Everyday that you roam the Earth, you are surrounded by endless beautiful sights. Like sunsets and the changing of the seasons. These are things we take for granted, things that we only see after living through a tragic event. Something or someone has to wake you up, to the world. Just as you cannot have good without bad, there is as equal amount of stupidity.

I am here to wake you up.

The first stop on our trip is the dentist. And when you think about dental work, don't you wish you could get a tattoo too? Well, your troubles are over. Now you can get a root canal and crown tattoo at the same time. This is what are society is based on, EFFICIENCY.
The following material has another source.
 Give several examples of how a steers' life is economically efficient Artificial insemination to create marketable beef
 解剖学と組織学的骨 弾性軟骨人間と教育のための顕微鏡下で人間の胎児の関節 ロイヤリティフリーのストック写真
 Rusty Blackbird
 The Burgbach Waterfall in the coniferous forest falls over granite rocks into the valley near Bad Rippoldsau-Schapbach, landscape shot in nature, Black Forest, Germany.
After you explain to your health insurance why you have a tattoo on your dental bill, you are going to need to assess your health. The perfect place to start a healthy lifestyle is build a better diet. Your local department store will be happy to assist you with this chore.

Why pay for someone to cook you a hotdog, when you can pop it in its own handy toaster. Why wade through the pesky process of properly cooking a hotdog. Why pay attention to those pesky recommended internal temperatures.

While your at it, buy the girdle next to the hotdog toaster. Face it, you don't have the time to stick to a diet. Not when the local coffee house has a drink that is 15000 calories. Not when you can get a hotdog from a toaster. Stuff yourself in this thing and get yourself a friend that is fatter and dumber than you. That way, you will always look thinner and seem smarter.

These are the building blocks of our society. This is why America is free. This is why we are bad "mother cluckers."

1 comment:

  1. Tattoo dentist: isn't that the guy who uses dental instruments to literally scrape the tattoo off your body because we all know that tattoo removal is expensive and often ineffective? As always, love it.